He has received The Courage of Conscience Award, the Parabola Focus Award, in addition to countless film awards, nominations, and accolades.

Tobias did his PhD in the History of Consciousness at the University of California-Santa Cruz focusing upon comparative literature, and the psychology, ethnography and history of ideas and aesthetic orientations pertaining to human views toward Nature. Tobias has lectured worldwide and has held teaching positions at several universities, including Dartmouth, the University of New Mexico (where he once held the Garrey Carruthers Chair of Honors), and the University of California-Santa Barbara (where he was a Distinguished Visiting Professor of Environmental Studies, as well as a Regents Lecturer). Tobias is the author of over 45 published books -non-fiction, fiction, radical hybrids, plays, poetry, librettos - and the writer, director, producer and/or executive producer of well over 125 films, focusing primarily on ecological and humanitarian issues, both documentary and some drama and docu-drama, including the award-winning ten-hour dramatic miniseries, “Voice of the Planet”, starring William Shatner and Faye Dunaway, for Turner Broadcasting, and based upon Tobias' best-selling novel (Bantam Books, 1990) by the same title; and Tobias' hard-hitting 600 page book, and PBS documentary, “World War III: Population and the Biosphere at the End of the Millennium” (1994), the second, updated edition (1998) with a Foreword by Jane Goodall.

Tobias' field-research has taken him to well over 80 countries, and from regions like Antarctica, to many of the world's deserts, temperate zones, tropics and Boreal forests.

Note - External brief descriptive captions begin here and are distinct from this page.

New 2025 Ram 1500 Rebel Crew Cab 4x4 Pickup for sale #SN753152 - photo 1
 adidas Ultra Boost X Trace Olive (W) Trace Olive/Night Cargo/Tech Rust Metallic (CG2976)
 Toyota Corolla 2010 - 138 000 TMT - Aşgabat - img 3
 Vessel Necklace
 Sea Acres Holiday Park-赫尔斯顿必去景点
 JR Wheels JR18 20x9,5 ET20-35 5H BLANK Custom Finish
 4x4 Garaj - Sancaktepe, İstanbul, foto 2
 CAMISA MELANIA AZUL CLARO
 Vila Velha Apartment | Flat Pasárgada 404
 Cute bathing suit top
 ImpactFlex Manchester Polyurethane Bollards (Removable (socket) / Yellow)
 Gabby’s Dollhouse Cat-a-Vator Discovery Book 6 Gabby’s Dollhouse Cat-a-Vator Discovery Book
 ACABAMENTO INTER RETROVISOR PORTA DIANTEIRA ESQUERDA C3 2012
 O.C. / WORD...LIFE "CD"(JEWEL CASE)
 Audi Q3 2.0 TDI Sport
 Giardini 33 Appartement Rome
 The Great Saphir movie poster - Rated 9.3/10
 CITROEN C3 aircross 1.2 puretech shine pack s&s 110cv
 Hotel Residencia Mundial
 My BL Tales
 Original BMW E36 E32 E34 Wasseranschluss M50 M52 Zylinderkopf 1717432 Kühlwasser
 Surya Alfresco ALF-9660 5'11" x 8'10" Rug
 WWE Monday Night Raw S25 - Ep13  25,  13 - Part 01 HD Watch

Tobias has been a mountaineer for many decades, having soloed hundreds of ascents, many of them "firsts" throughout the world. He has also specialized in alpine environments and mountain people, subjects of several of his books and essays, as well as one of his early films, "Cloudwalker."

Tobias's films have garnered numerous awards throughout the past thirty years and played at countless festivals, as well as being broadcast in most countries of the world. His books and films have been translated into numerous languages, including Italian, German, Hungarian, Turkish, Spanish, Chinese, Japanese, and Arabic.

For many years Tobias has been the President of the Dancing Star Foundation ("DSF") which works assiduously throughout the world in areas of biodiversity conservation, animal rights and environmental education. (www.dancingstarfoundation.org). Tobias' efforts - in collaboration with his wife, soul-mate, muse and professional partner/colleague, Ms. Jane Gray Morrison - include in situ and ex situ conservation, ecological restoration and animal protection at various refuges for wildlife and rescued animals in California and southern New Zealand (on Rakiura), and in many other regions of the world. Ms. Morrison is a global ecologist, author, filmmaker, and former opera singer. Together with colleagues and teams of researchers in dozens of countries, in addition to the United States, Tobias and Morrison have endeavored to better fathom humanity's impact on the Earth, in an effort to save lives - human and those of other species.